Working through the data below, reproduce word for word the line with "Magic Silence-Ella Schnur" and every line after it, both ends included, and omit the pictures.

^^^^

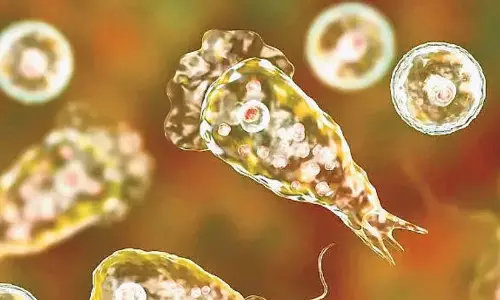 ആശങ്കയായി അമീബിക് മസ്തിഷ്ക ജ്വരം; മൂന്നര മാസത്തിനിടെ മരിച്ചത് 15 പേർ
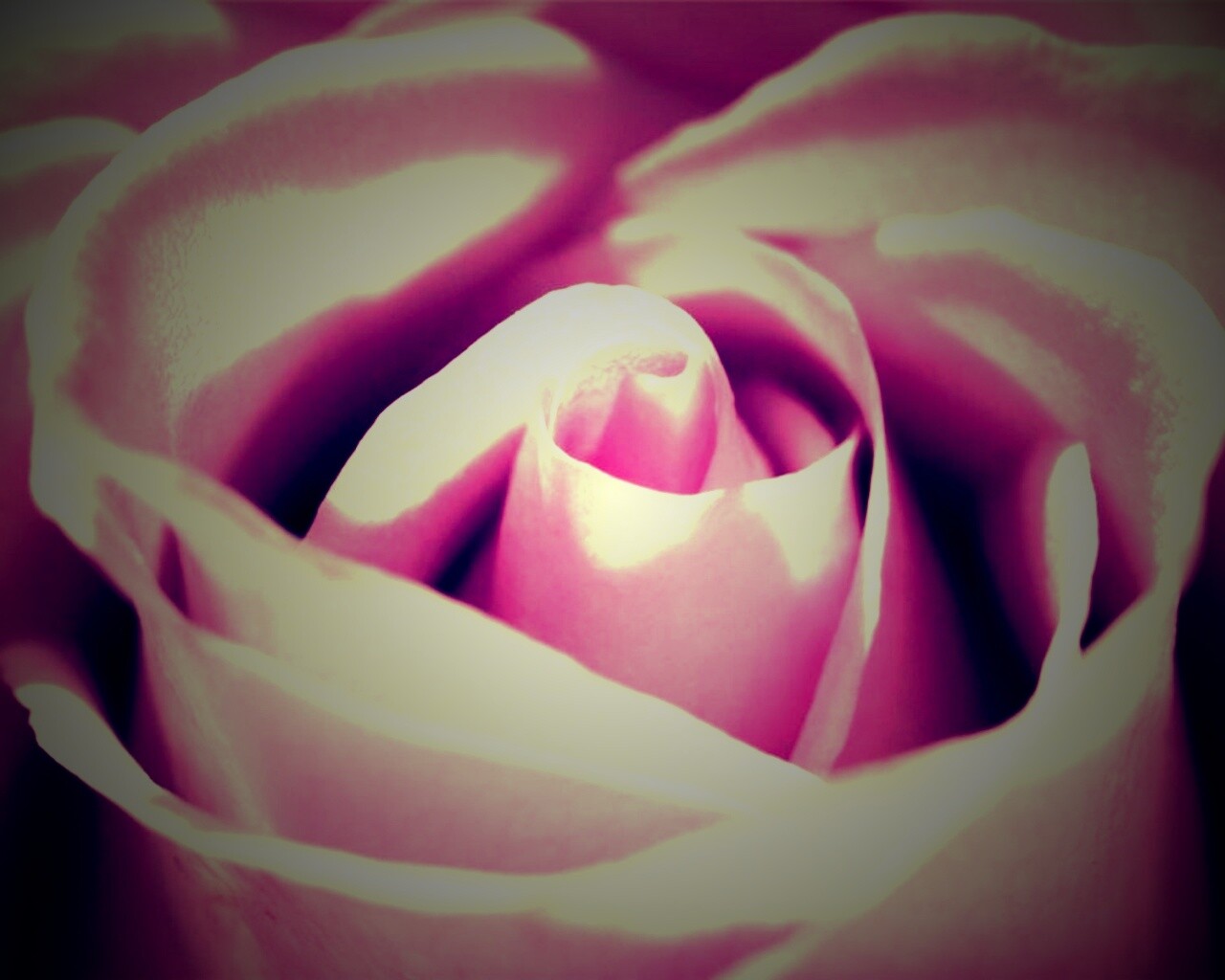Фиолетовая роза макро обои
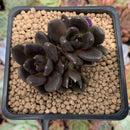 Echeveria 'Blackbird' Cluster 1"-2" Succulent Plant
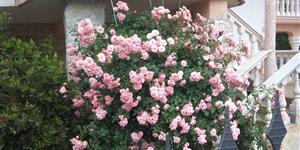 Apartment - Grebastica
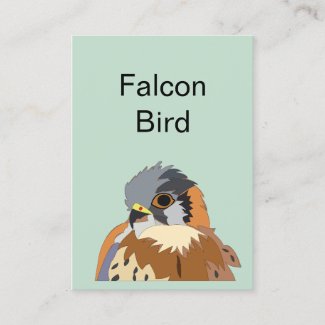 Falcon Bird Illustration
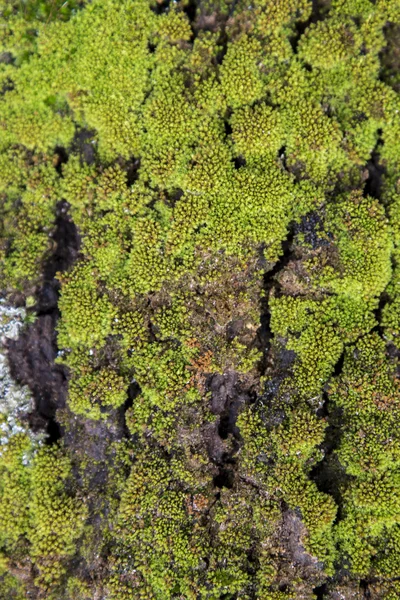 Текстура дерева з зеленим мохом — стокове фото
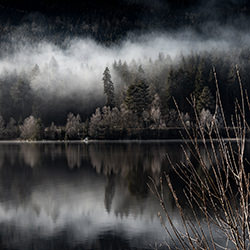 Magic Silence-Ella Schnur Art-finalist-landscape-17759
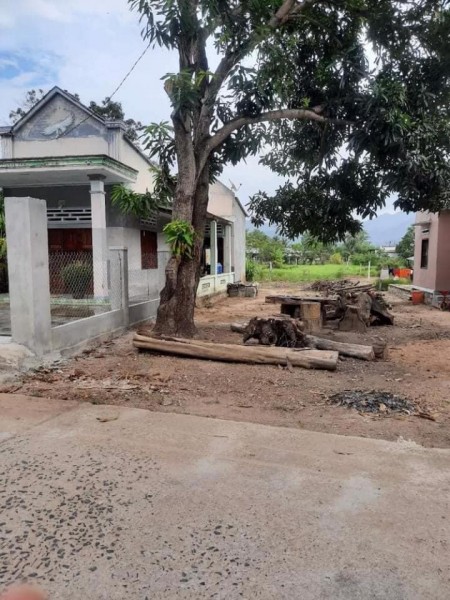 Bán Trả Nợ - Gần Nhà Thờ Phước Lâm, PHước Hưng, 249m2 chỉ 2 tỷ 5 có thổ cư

^^^^

▶ Result below:
 Magic Silence-Ella Schnur Art-finalist-landscape-17759
 Bán Trả Nợ - Gần Nhà Thờ Phước Lâm, PHước Hưng, 249m2 chỉ 2 tỷ 5 có thổ cư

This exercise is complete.